**Exercise requirements:** Return the data below exactly, but only from the line containing "DUVETICA Quilted Down" through the line containing "THOMAS LOCOMOTIVA MOTORIZATA", with both of those lines included.

(Supplied material begins)

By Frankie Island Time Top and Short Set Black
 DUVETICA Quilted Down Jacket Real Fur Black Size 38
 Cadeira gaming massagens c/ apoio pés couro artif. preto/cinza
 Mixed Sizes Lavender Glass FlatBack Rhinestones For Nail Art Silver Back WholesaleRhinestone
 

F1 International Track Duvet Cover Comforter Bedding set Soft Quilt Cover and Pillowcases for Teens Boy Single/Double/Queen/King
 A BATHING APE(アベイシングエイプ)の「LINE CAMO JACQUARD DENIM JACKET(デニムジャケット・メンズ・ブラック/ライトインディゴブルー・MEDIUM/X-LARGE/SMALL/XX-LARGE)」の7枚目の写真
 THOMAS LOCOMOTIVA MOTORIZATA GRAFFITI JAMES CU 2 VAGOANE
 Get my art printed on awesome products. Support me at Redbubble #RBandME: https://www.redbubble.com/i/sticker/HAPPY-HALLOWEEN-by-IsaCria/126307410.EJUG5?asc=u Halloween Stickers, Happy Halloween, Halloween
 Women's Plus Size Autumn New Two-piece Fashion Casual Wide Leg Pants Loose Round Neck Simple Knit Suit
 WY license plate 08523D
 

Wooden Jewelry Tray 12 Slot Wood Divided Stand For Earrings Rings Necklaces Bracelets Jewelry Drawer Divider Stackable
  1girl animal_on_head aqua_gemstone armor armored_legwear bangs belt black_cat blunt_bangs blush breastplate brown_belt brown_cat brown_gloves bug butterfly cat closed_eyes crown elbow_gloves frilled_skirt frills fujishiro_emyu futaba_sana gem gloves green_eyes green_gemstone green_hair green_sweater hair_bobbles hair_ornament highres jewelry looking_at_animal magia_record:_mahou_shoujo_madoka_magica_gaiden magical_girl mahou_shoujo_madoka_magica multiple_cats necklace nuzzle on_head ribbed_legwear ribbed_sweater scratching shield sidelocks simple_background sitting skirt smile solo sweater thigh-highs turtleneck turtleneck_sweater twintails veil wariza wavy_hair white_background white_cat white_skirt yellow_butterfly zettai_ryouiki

(Supplied material ends)

**Completed exercise:**
 DUVETICA Quilted Down Jacket Real Fur Black Size 38
 Cadeira gaming massagens c/ apoio pés couro artif. preto/cinza
 Mixed Sizes Lavender Glass FlatBack Rhinestones For Nail Art Silver Back WholesaleRhinestone
 

F1 International Track Duvet Cover Comforter Bedding set Soft Quilt Cover and Pillowcases for Teens Boy Single/Double/Queen/King
 A BATHING APE(アベイシングエイプ)の「LINE CAMO JACQUARD DENIM JACKET(デニムジャケット・メンズ・ブラック/ライトインディゴブルー・MEDIUM/X-LARGE/SMALL/XX-LARGE)」の7枚目の写真
 THOMAS LOCOMOTIVA MOTORIZATA GRAFFITI JAMES CU 2 VAGOANE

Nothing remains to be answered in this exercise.